The race was identified and fully explained by Ulrich who debugged it.
I'm quoting his accurate explanation below, for reference.
====== start quote =======
mapcount 0 page_mapcount 1
kernel BUG at mm/huge_memory.c:1384!
At some point prior to the panic, a "bad pmd ..." message similar to the
following is logged on the console:
mm/memory.c:145: bad pmd ffff8800376e1f98(80000000314000e7).

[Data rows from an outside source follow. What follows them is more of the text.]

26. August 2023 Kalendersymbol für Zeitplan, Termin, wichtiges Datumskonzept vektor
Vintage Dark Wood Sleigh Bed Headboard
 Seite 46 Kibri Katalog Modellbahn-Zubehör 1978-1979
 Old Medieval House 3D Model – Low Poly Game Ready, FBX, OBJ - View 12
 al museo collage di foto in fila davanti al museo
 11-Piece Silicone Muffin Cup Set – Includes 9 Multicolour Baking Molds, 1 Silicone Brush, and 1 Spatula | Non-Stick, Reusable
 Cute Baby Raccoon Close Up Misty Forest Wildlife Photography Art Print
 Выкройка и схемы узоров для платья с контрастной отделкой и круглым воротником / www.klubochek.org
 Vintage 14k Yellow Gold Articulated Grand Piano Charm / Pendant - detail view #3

The "bad pmd ..." message is logged by pmd_clear_bad() before it clears
the page's PMD table entry.
143 void pmd_clear_bad(pmd_t *pmd)
144 {
-> 145 pmd_ERROR(*pmd);
146 pmd_clear(pmd);
147 }
After the PMD table entry has been cleared, there is an inconsistency
between the actual number of PMD table entries that are mapping the page
and the page's map count (_mapcount field in struct page). When the page
is subsequently reclaimed, __split_huge_page() detects this inconsistency.
1381 if (mapcount != page_mapcount(page))
1382 printk(KERN_ERR "mapcount %d page_mapcount %d\n",
1383 mapcount, page_mapcount(page));
-> 1384 BUG_ON(mapcount != page_mapcount(page));
The root cause of the problem is a race of two threads in a multithreaded
process. Thread B incurs a page fault on a virtual address that has never
been accessed (PMD entry is zero) while Thread A is executing an madvise()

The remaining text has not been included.